Securities Act, R.S.O., c. S.5, as am., ss. 127(1), 127(5), 144.

IN THE MATTER OF

THE SECURITIES ACT,

R.S.O. 1990, c. S.5 AS AMENDED

(THE "ACT")

AND

IN THE MATTER OF

LIBRARY INFORMATION SOFTWARE CORP.

 

ORDER

(Section 144)

WHEREAS the securities of Library Information Software Corp. (the "Company") are subject to a cease trade order made by the Director dated May 6, 2003 pursuant to subsection 127(1) of the Securities Act (Ontario) (the "Act"), which order was made in connection with a temporary cease trade order made by the Director dated April 24, 2003 pursuant to subsections 127(1) and 127(5) of the Act (collectively, the "Cease Trade Order") directing that trading in the securities of the Company cease unless revoked by a further order of revocation;

AND WHEREAS the Company has applied to the Ontario Securities Commission (the "Commission") pursuant to Section 144 of the Act (the "Application") for a revocation of the Cease Trade Order;

AND WHEREAS the Company has represented to the Commission that:

1. The Company was formed under the Business Corporations Act (Ontario) on February 5, 1999 as a result of the amalgamation of Library Information Software Corp. and 1337387 Ontario Inc.

2. The Company is a "reporting issuer" under the securities legislation of the Province of Ontario. The Company is not a reporting issuer in any other jurisdiction in Canada.

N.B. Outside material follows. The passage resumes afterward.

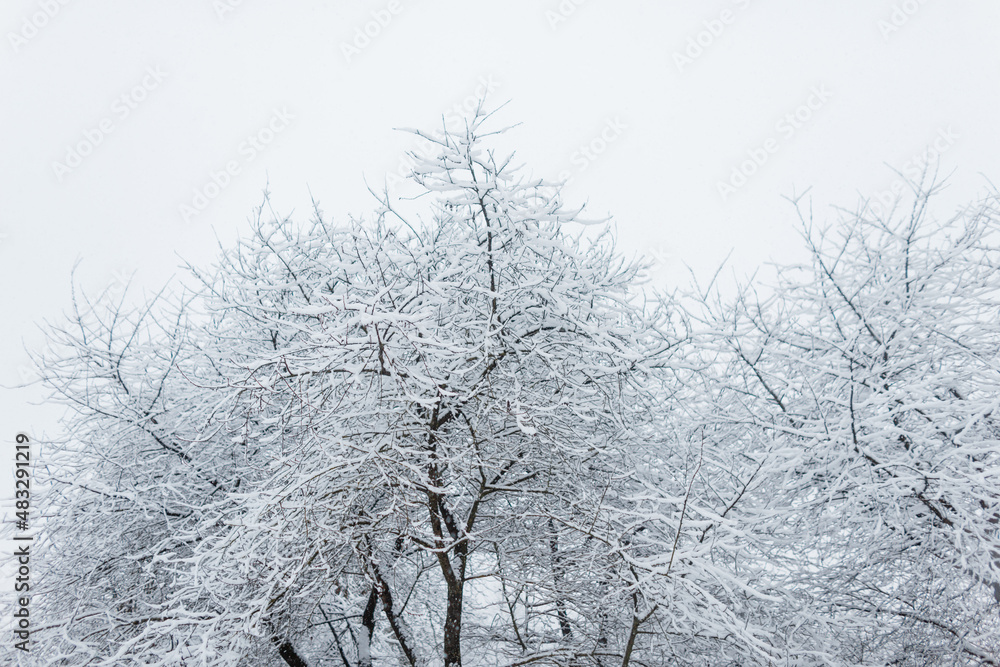 Beautiful snowy trees on a winter day. Tree branches with snow. Beautiful snowy trees on a winter day. Tree branches with snow.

3. The Company currently has no securities of any class listed for trading on any stock exchange recognized by the Commission. The Class A Shares were added to the Canadian Dealer Network for trade reporting on November 27, 1997 but its application for quotation was denied on December 14, 1999.

4. The authorized share capital of the Company consists of an unlimited number of common shares, an unlimited number of Class A shares and an unlimited number of Class B preferred shares. As at the date hereof, 754,936 common shares (the "Common Shares") and 10,357,716 Class A shares are issued and outstanding on a diluted basis and no Class B preferred shares are issued and outstanding.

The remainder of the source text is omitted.